(THE RECORDS begins)
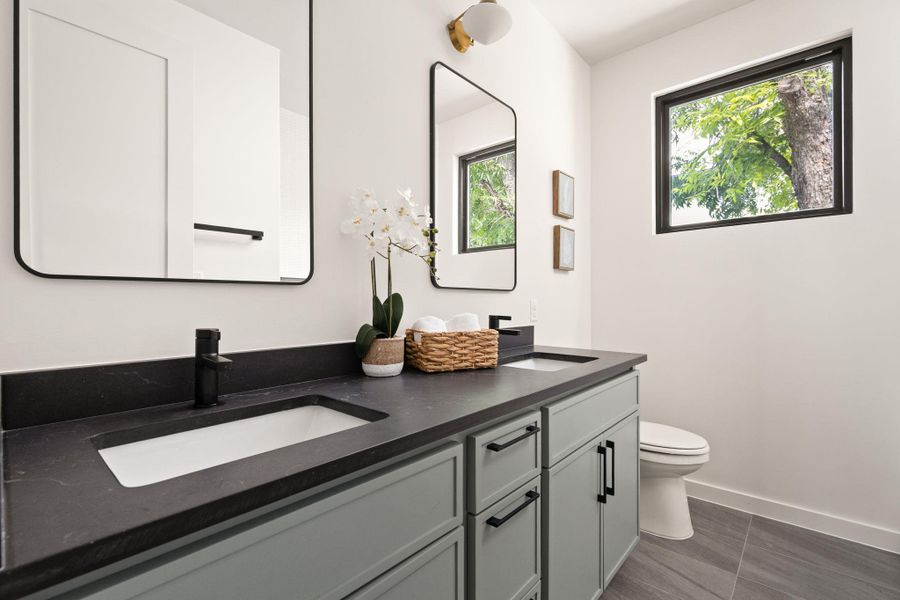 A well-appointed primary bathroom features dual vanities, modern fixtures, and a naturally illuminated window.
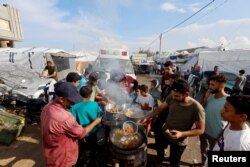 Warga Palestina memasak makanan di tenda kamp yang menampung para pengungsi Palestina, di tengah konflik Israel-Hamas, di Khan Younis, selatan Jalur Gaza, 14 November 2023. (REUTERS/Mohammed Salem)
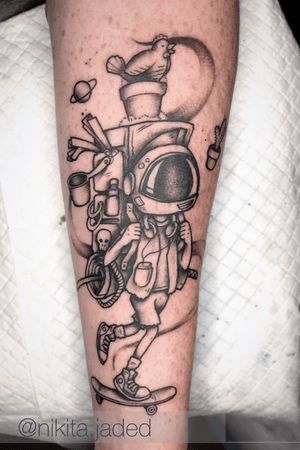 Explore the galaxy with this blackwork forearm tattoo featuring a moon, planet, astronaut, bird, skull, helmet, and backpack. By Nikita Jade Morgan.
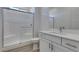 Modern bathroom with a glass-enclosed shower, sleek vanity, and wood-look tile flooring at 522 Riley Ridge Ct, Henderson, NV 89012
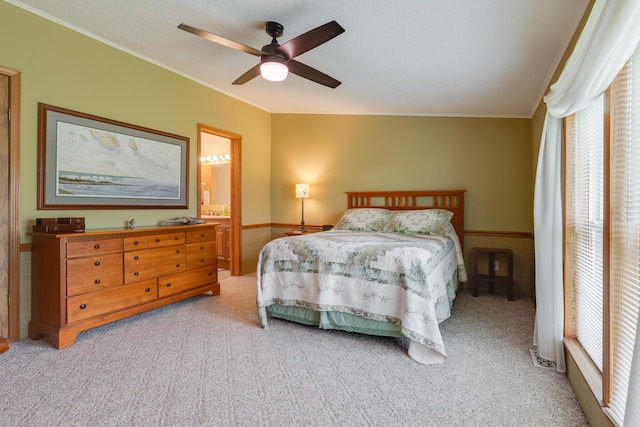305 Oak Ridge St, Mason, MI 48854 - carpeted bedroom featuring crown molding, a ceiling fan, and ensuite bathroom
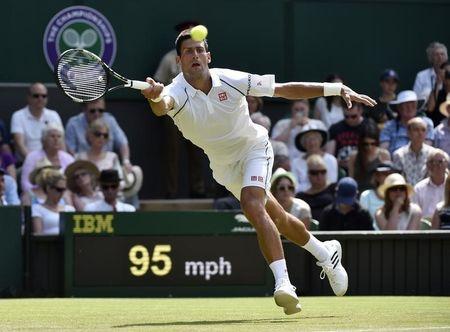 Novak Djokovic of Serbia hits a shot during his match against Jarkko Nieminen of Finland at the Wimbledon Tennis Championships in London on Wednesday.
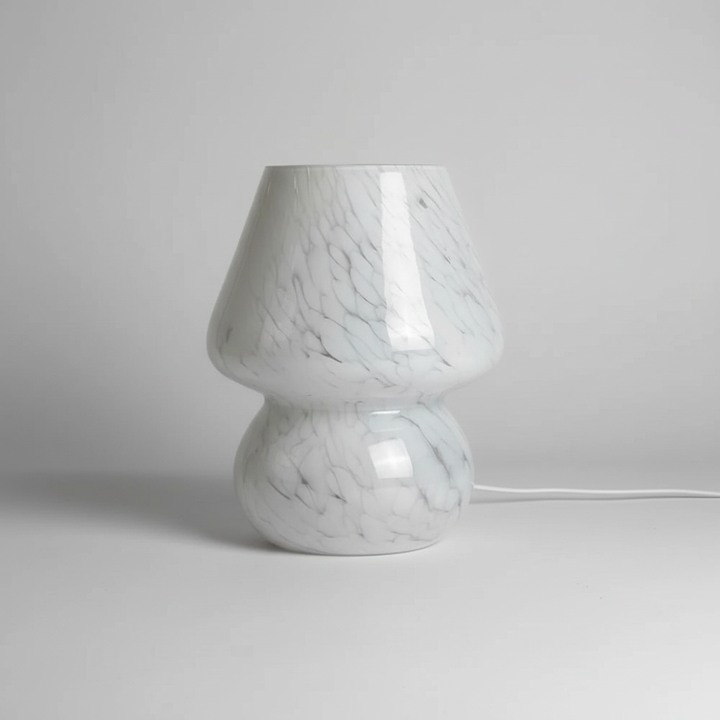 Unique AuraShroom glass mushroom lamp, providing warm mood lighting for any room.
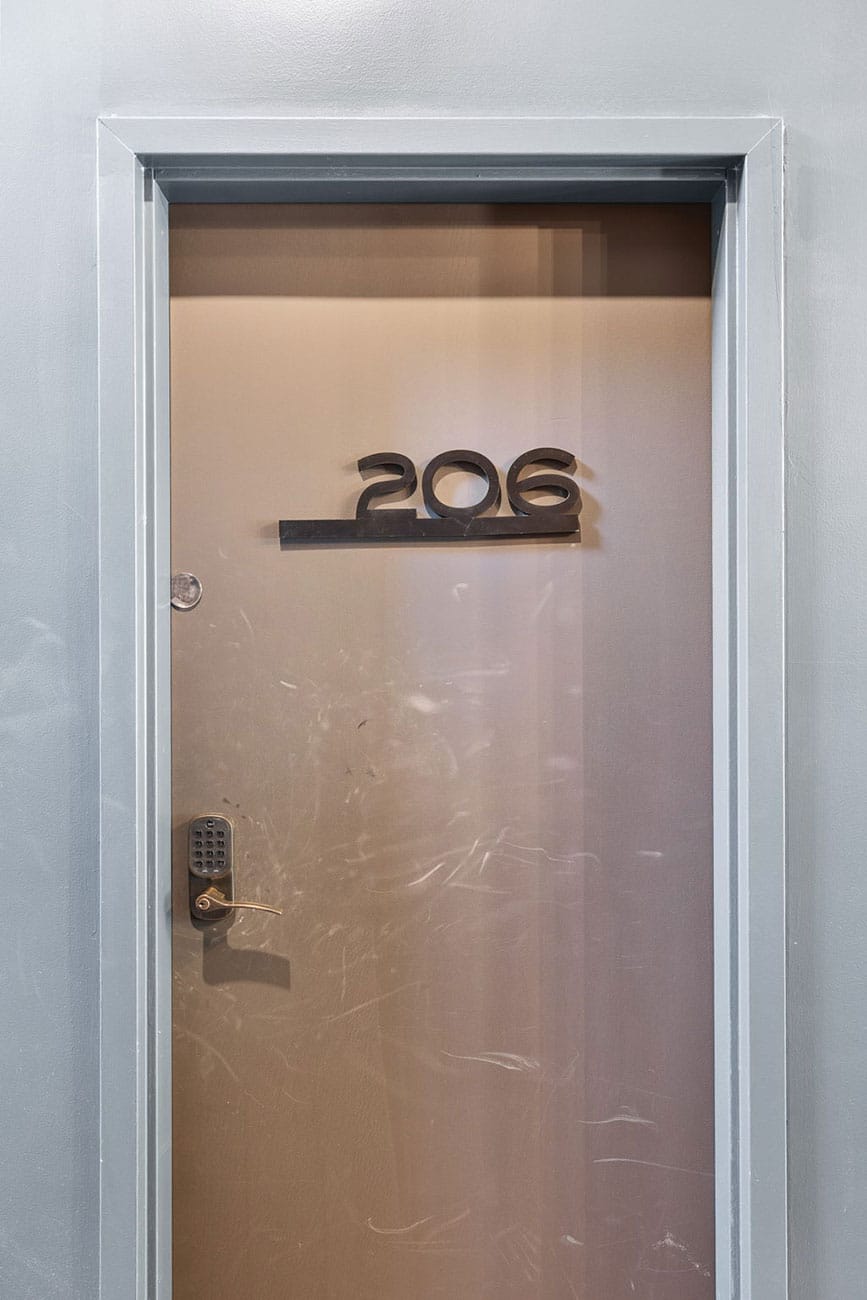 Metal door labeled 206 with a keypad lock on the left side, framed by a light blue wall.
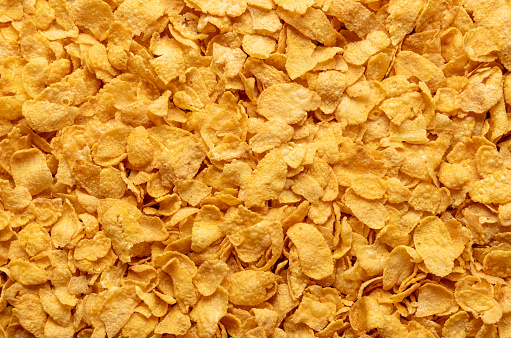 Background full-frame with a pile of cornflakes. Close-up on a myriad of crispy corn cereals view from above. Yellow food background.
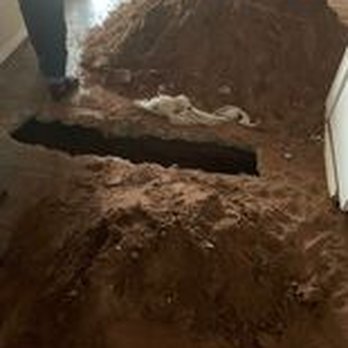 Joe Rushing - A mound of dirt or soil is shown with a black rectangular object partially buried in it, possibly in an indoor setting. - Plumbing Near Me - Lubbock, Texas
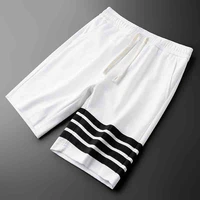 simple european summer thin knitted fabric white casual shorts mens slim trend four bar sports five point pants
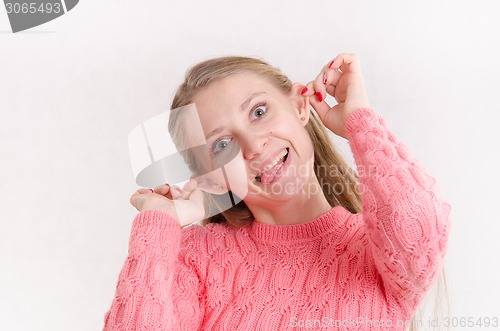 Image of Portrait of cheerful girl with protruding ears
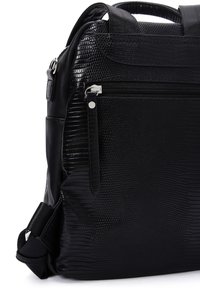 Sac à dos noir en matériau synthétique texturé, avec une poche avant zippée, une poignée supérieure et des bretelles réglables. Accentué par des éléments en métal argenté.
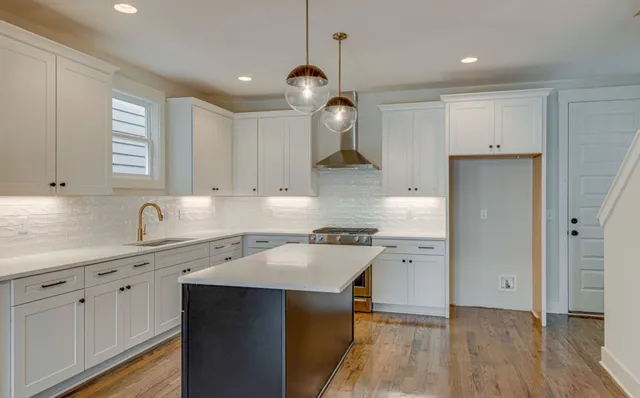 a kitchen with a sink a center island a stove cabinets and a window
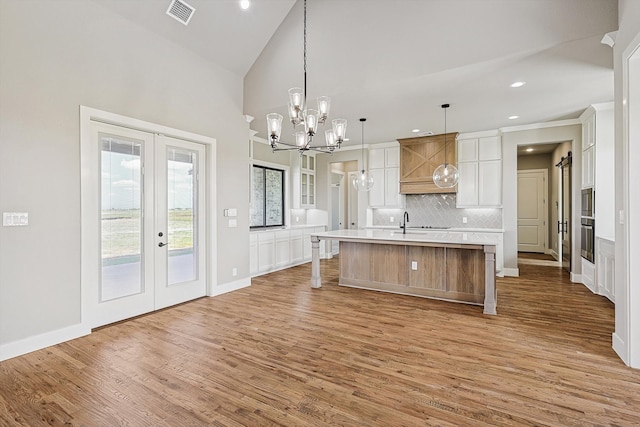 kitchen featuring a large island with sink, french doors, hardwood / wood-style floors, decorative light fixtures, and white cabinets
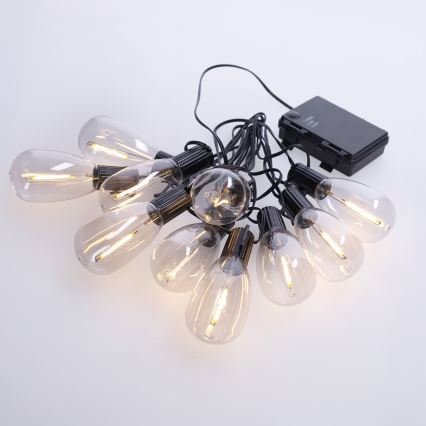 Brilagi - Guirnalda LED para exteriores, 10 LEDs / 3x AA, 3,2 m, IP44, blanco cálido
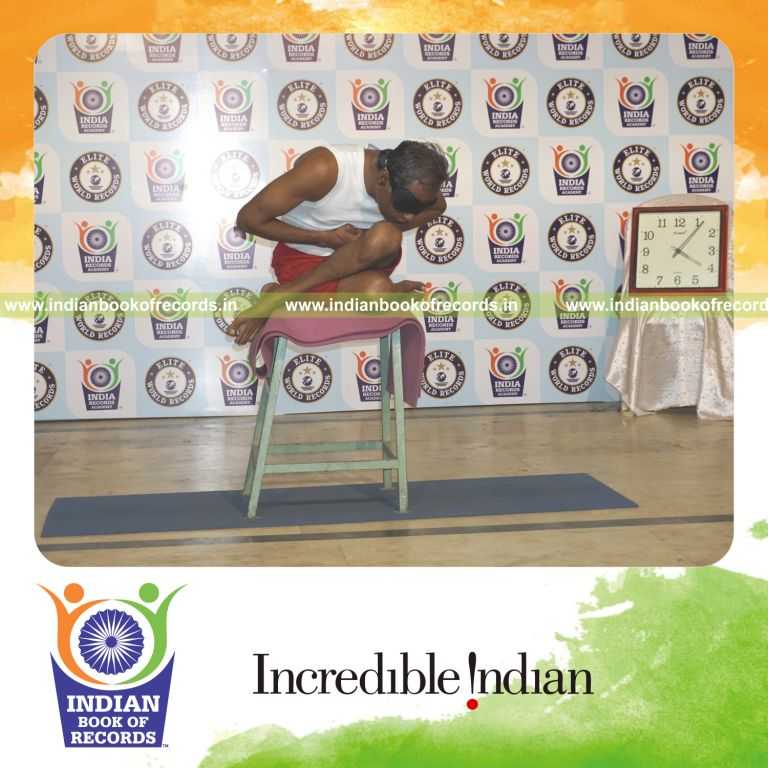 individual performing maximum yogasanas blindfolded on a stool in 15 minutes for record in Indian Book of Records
(THE RECORDS ends)
• **EXERCISE DETAILS**
Find the line holding "kitchen featuring a" in the data above. Retype it and every later line exactly, through the end, but not the pictures.

• **SOLVED EXERCISE**
 kitchen featuring a large island with sink, french doors, hardwood / wood-style floors, decorative light fixtures, and white cabinets
 Brilagi - Guirnalda LED para exteriores, 10 LEDs / 3x AA, 3,2 m, IP44, blanco cálido
 individual performing maximum yogasanas blindfolded on a stool in 15 minutes for record in Indian Book of Records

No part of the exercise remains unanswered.